In the instant case, the evidence established that when the pump was overloaded and shut off, it took four to six hours before sewage would begin to back up into the Mecseji's basement. Prior to the flooding incidents, Carter Lake had been considering installing a new pumping system, but claimed it was unable to afford the pumps at that time. After the Mecseji's basement flooded, it became clear that some remedy must be provided. However, not until after the third flooding in August, 1975, did the Carter Lake maintenance supervisor suggest to the mayor that an alarm system be installed. The officials contacted the telephone company who indicated that an alarm could be set up between the pump house and the police department which would indicate when the pump had shut down so that the maintenance department could be alerted to reset the pump well before the sewage backup would commence.

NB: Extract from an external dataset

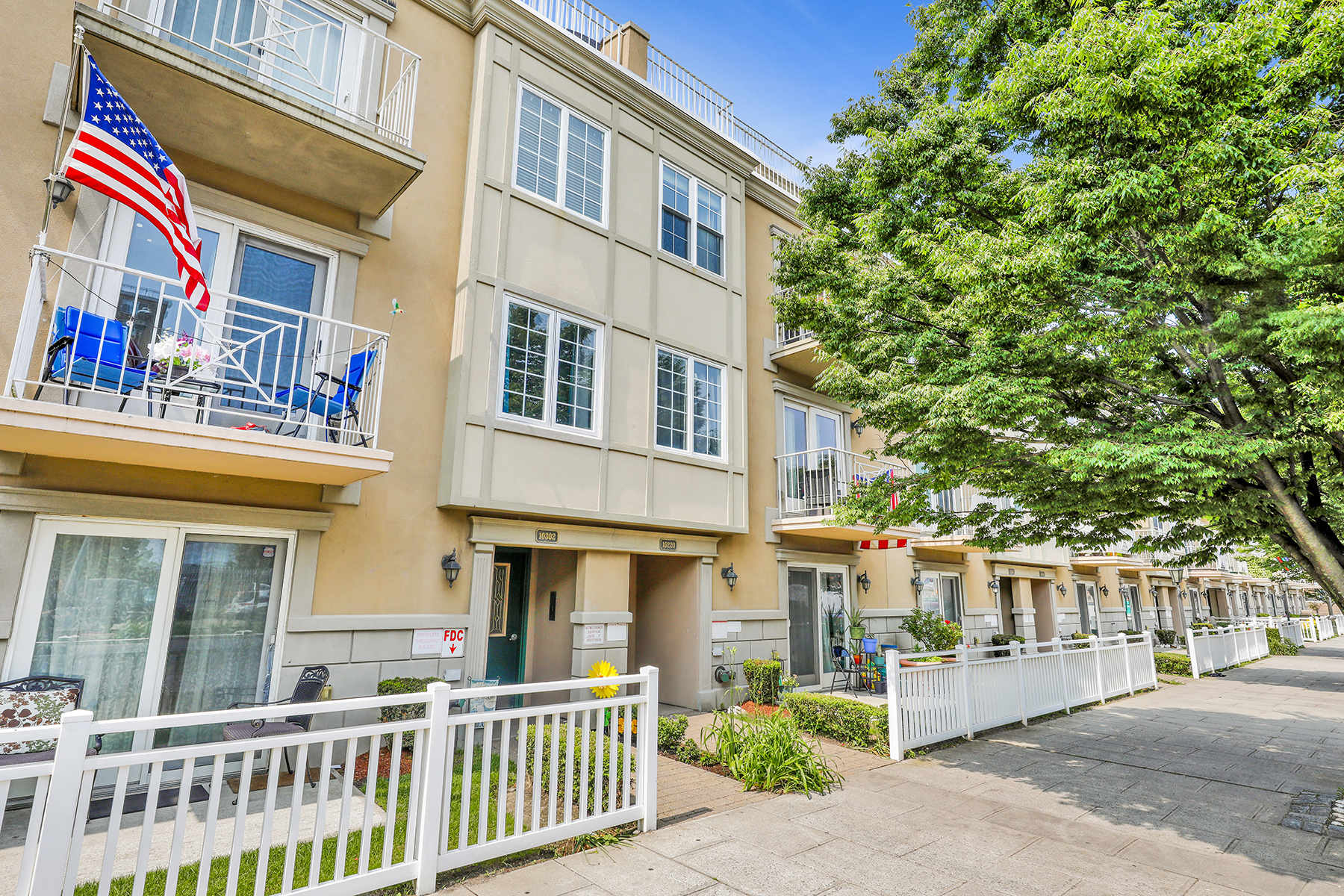 102-20 Rockaway Beach Boulevard, Unit 3C Queens, NY 11694 - Photo 3 of 36 a front view of a building with a garden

It was not until January, 1976, that the City chose to install such an alarm.

After the first incident of flooding, it was clear that the pump could become overloaded and automatically shut off. This, in turn, would cause the flooding in question. Carter Lake personnel knew exactly what would happen if the pump shut off and was not reset within four to six hours. However, the City chose not to remedy the situation at that time and cannot now be heard to claim that the floodings subsequent to the first occurrence were unexpected or unintended as required under the insurance policy in question. In view of the facts of this case, Iowa principles of interpretation and persuasive case law from other jurisdictions, it is the judgment of this court that if the question were presented to the Iowa Supreme Court, it would hold that the subsequent floodings do not fall within the definition of "accident" under the policy here.

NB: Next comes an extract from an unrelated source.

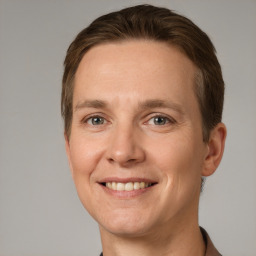 Joyful white adult male with short  brown hair and grey eyes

The jury verdict of $11,404.14 in favor of the Mecsejis included the amount of $3,902.13 for actual physical damage and $7,502 for inconvenience and the pain and suffering connected with the noxious odor. In light of this court's findings and Aetna's judicial admission that the first flooding was an accident within the meaning of the policy, a portion of the $7,502 must be allocated. In that connection, the court finds that one-sixth of said award, or $1,083.66, is attributable to the first flooding for which Aetna is liable, plus the actual damages in the amount of $418.12. In addition, Aetna is liable for that portion of interest attributable to the actual damages of $418.12 and the said special damage in the amount of $1,083.66, related to the first flooding.

A separate order will be entered this date in accordance with this memorandum.